Re: Lots of files [message #53040] |
Sat, 17 March 2007 10:32  |
lasse
Messages: 48 Registered: February 2007
|
Member |
|
|
On 16 Mar, 21:23, David Fanning <n...@dfanning.com> wrote:
> Paul van Delst writes:
>> I know you didn't intend to suggest hardwiring 99 different fileid's :o)
>
> With Cut and Paste it's not so bad. Of course, you
> spend the next five hours fixing typos, but... :-)
>
> Cheers,
>
> David
>
> --
> David Fanning, Ph.D.
> Fanning Software Consulting, Inc.
> Coyote's Guide to IDL Programming:http://www.dfanning.com/
> Sepore ma de ni thui. ("Perhaps thou speakest truth.")
Well thanks, that works, however it did not bring the speed boost I
had hoped for. So I had another thought: Actually, all data is one
line, not in one line per station as I said earlier. But I know that
each data set is 1440 characters long, so here is the outline of my
code, after I opened all the files:
info = file_info(input_filename)
lines = info.size/1440L
for i=0L, lines-1L do begin
point_lun, fin, i*1440L
readf, fin, line, format='(A1440)'
; extracting station name
hstat = strlowcase(strmid(line, 12, 3))
; find correct file unit
tmp = where(stats eq hstat)
printf, tmp[0]+1, line
endfor
I chose the above solution because my favoured one:
while not(eof(fin)) do begin
readf, fin, line, format='(A1440)'
hstat = strlowcase(strmid(line, 12, 3))
tmp = where(stats eq hstat)
printf, tmp[0]+1, line
endwhile
does not seem to work in the way I expected, i.e. read 1440 byte,
parse station, write data, read next 1440 byte... until end of file.
Rather, it reads the first 1440 bytes and then hits the end of the
file (while loop is executed once). So that is why I wondered what the
readf command with the above format code actually does. Since it hits
the end of file border after the first read command, I suspect it
actually reads in all data, and then extracts the first 1440 bytes
from that. Which would explain why the solution I am running now (with
the for loop) is so slow: about 20 seconds for 3000 lines (4MB file).

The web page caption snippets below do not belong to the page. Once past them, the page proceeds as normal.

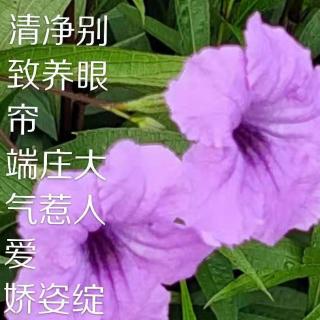 音乐的魅力——佚名/文，梅花/朗读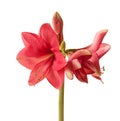 Pink Amaryllis Hippeastrum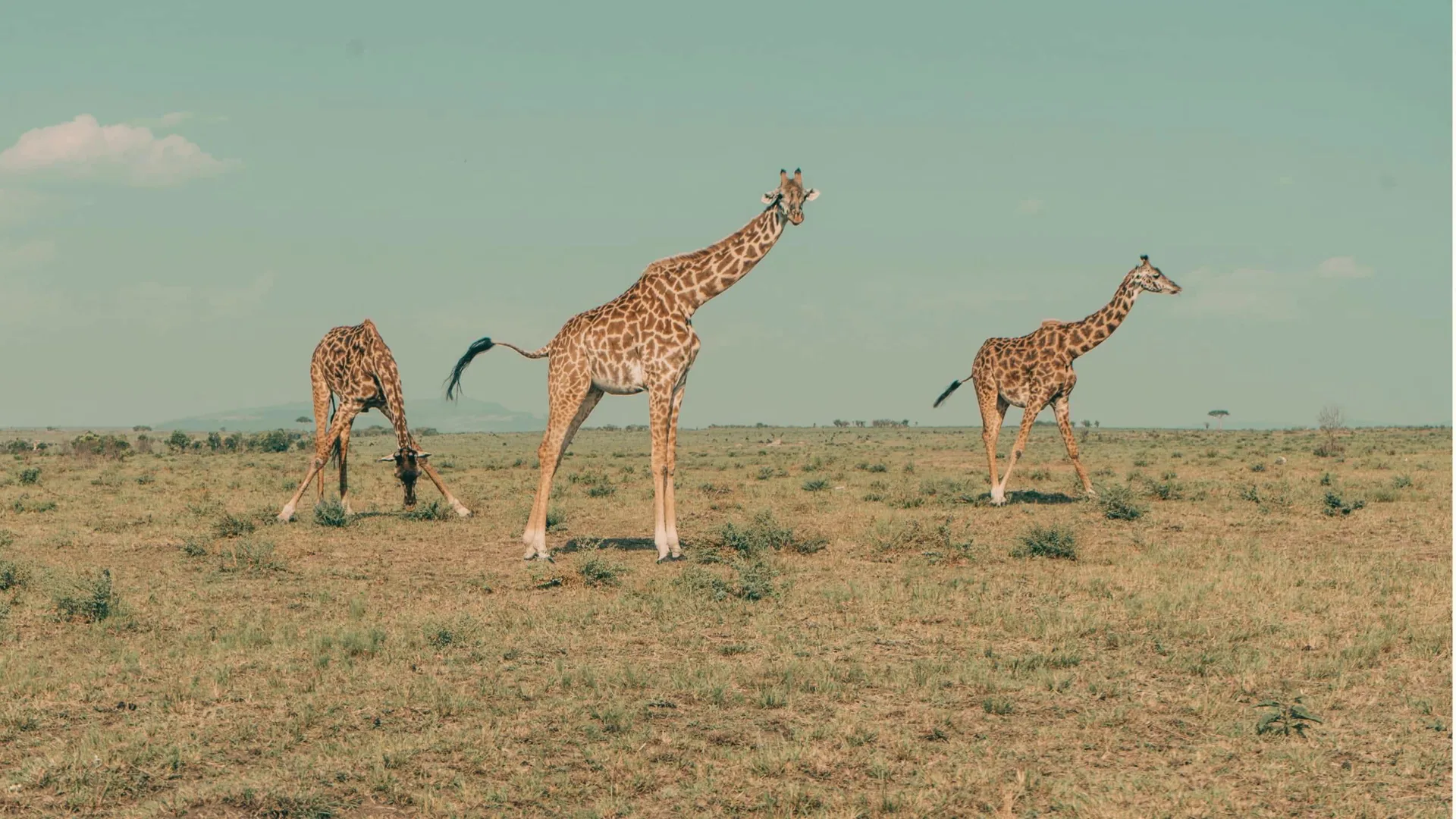 Three giraffes roaming across the open Kenyan savannah.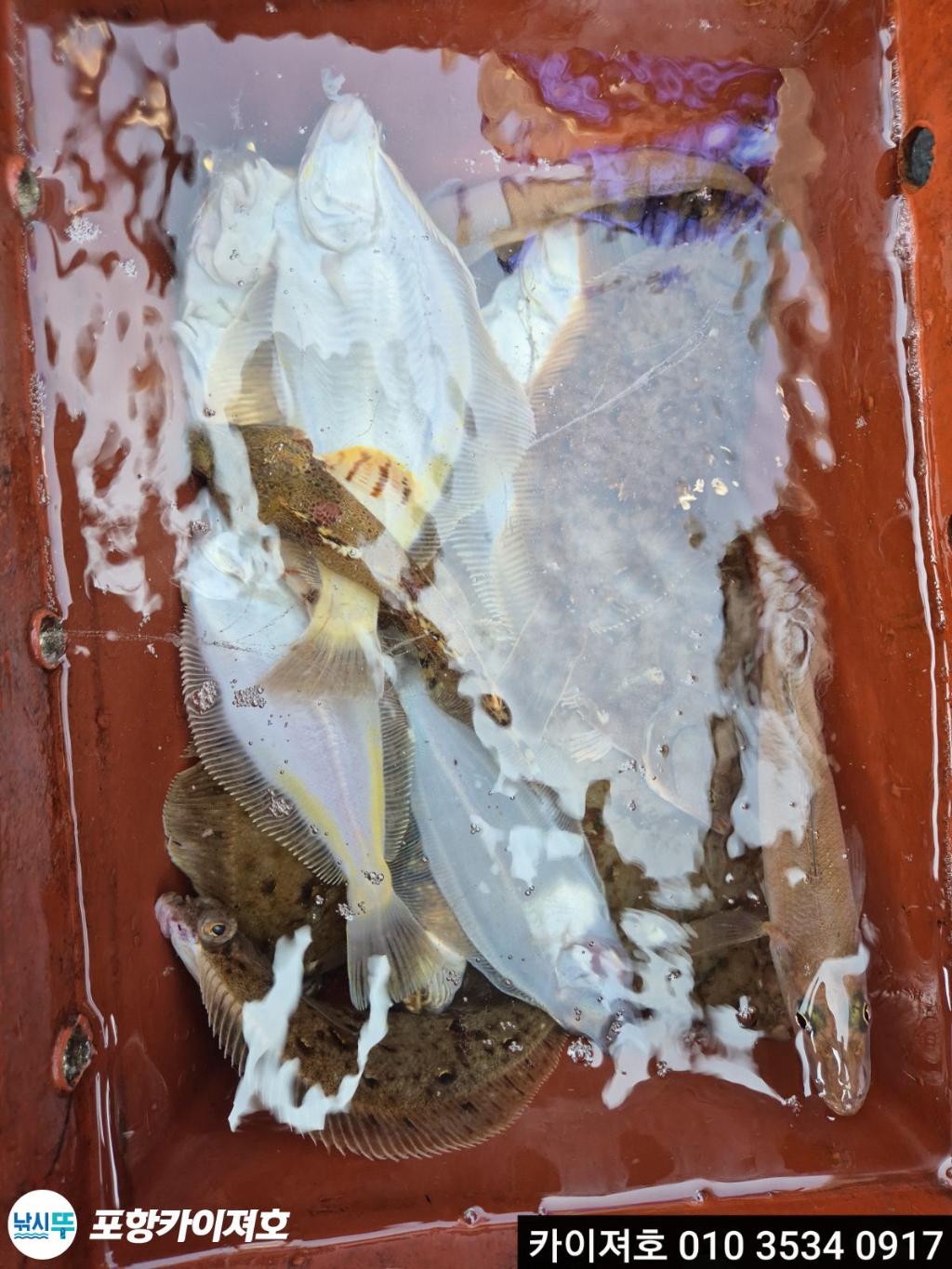 낚시뚜,기타 (직접입력),영일만항,포항카이져호,낚시뚜28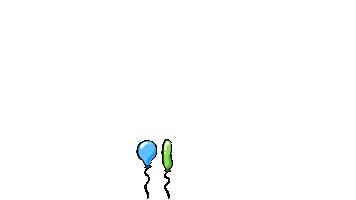 flying happy birthday Sticker by SWR Kindernetz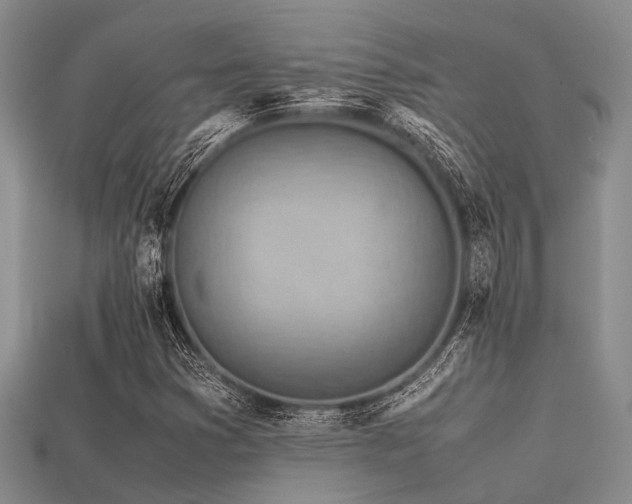 X0000113541353200909181148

On some chunky Sun server, mind you. Any more ideas?
Cheers
Lasse
|
|
|
|
Re: Lots of files [message #53054 is a reply to message #53053] |
Fri, 16 March 2007 13:07   |
Paul Van Delst[1]
Messages: 1157 Registered: April 2002
|
Senior Member |
|
|
David Fanning wrote:
> Lasse Clausen writes:
>
>> I would like to split the one file into 31. In fact, I would like to
>> open all 32 files, loop through the big file and put the data
>> according to the index into the small file. However, IDL only lets me
>> open 28 files at a time, right?
>> IDL Help for Get_lun says: The file unit number obtained is in the
>> range 100 to 128.
>> So I end up opening and closing the according small file during each
>> loop which works great, however it is excruciatingly slow due to all
>> the waiting for the hard disk.
>>
>> Ah, and the number of stations varies, sometimes its 21, sometimes 29,
>> most of the time 30, I never know what it is going to be. Therefore, I
>> can only use the point_lun procedure to skip from data to data
>> belonging to one station if I parse the stations first. Which I could
>> do, but maybe one of you has a better idea? Any thoughts?
>
> I would use the pool of LUNs from 1 to 99, rather than the
> pool IDL access with GET_LUN from 100 to 128.
>
> OPENW, 1, ...
> OPENW, 2, ...
> ...
> OPENW, 99, ...
I know you didn't intend to suggest hardwiring 99 different fileid's :o) so maybe what you
meant was something more like
nfiles = 31
fid_child = LINDGEN(nfiles)+1
fid_parent = nfiles+1
OPEN, fid_parent, fname_parent, .....
FOR i=0,nfiles-1 DO OPEN, fid_child[i], fname_child[i], ...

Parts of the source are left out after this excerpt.